• _DATA PROVIDED_:
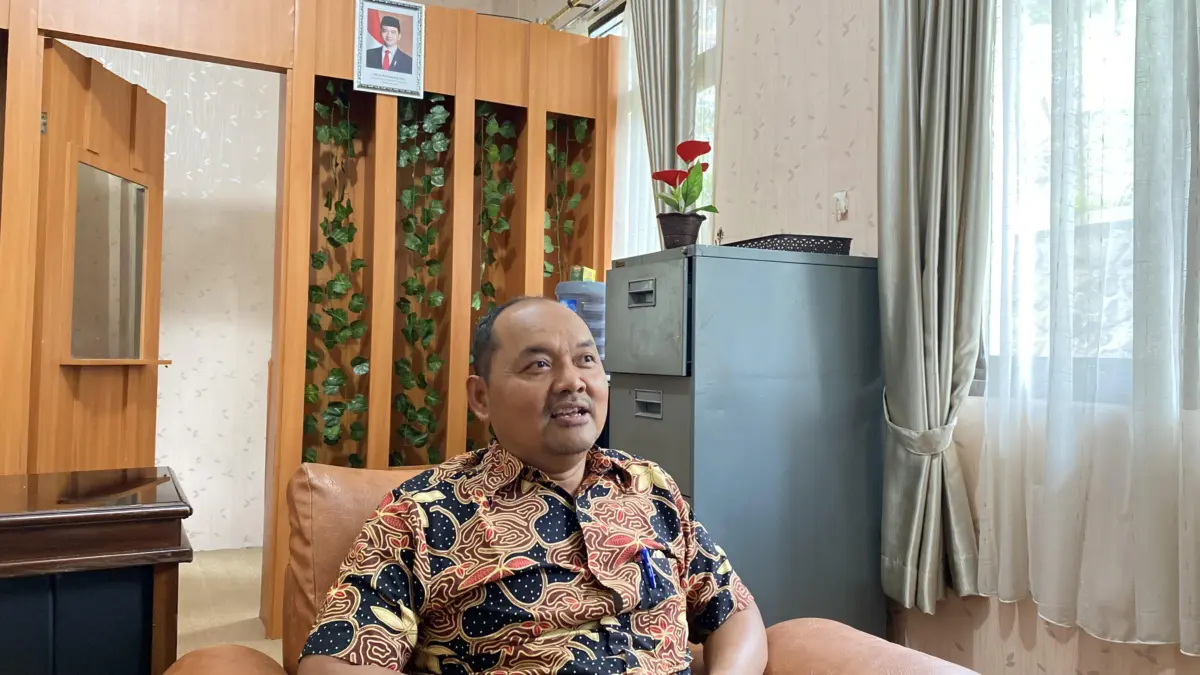 Kepala Bidang PAUD Disdikpora Cianjur, Jajang Sutisna.
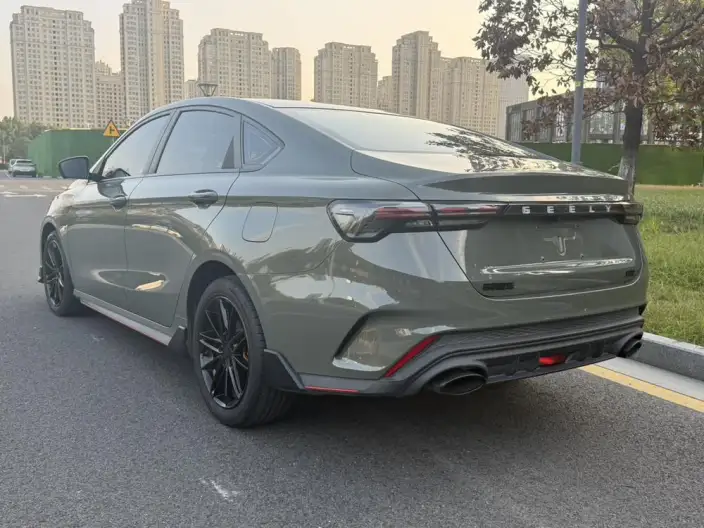 Geely Binrui 2022 Model Geely Binrui COOL 1.5T DCT Thunder Edition – фото 5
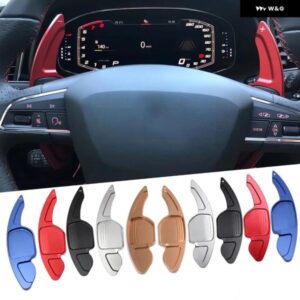 車用 シフト パドルシート レオン ST 5F FR クプラ アテカ イビサ 6P アロナ タラッコ アルハンブラ ステアリングホイール 延長 シフター DSG ステッカー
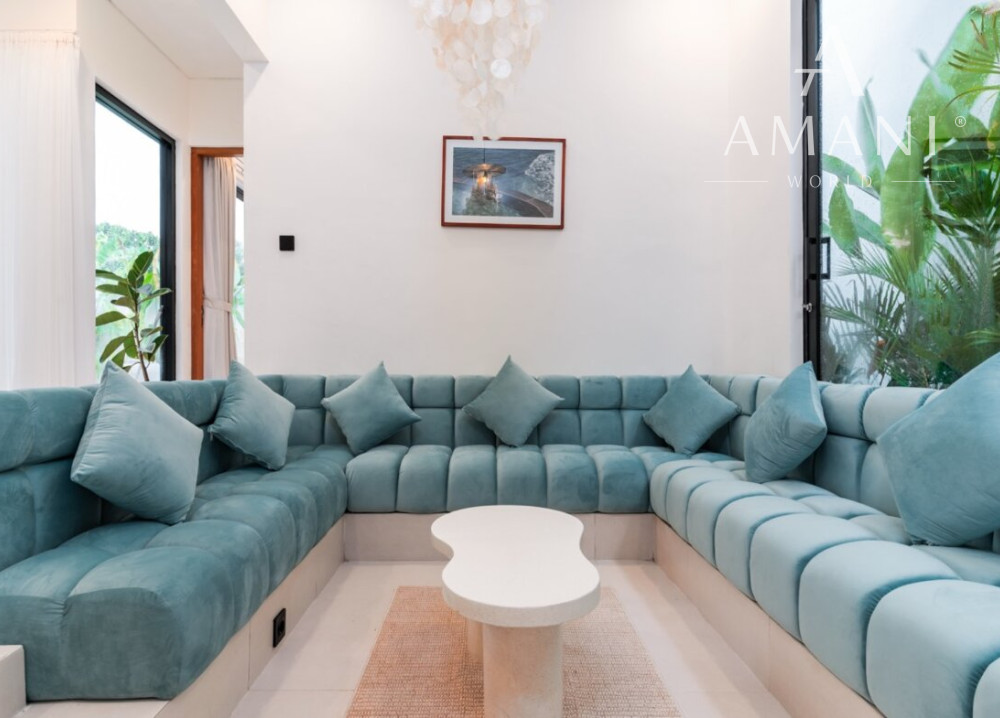 2-izbová vila blízko pláže s výhľadom na oceán v Uluwatu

• _REQUIRED ACTION_:
Repeat the listing word for word, but without its pictures.

• _WRITTEN ANSWER_:
 Kepala Bidang PAUD Disdikpora Cianjur, Jajang Sutisna.
 Geely Binrui 2022 Model Geely Binrui COOL 1.5T DCT Thunder Edition – фото 5
 車用 シフト パドルシート レオン ST 5F FR クプラ アテカ イビサ 6P アロナ タラッコ アルハンブラ ステアリングホイール 延長 シフター DSG ステッカー
 2-izbová vila blízko pláže s výhľadom na oceán v Uluwatu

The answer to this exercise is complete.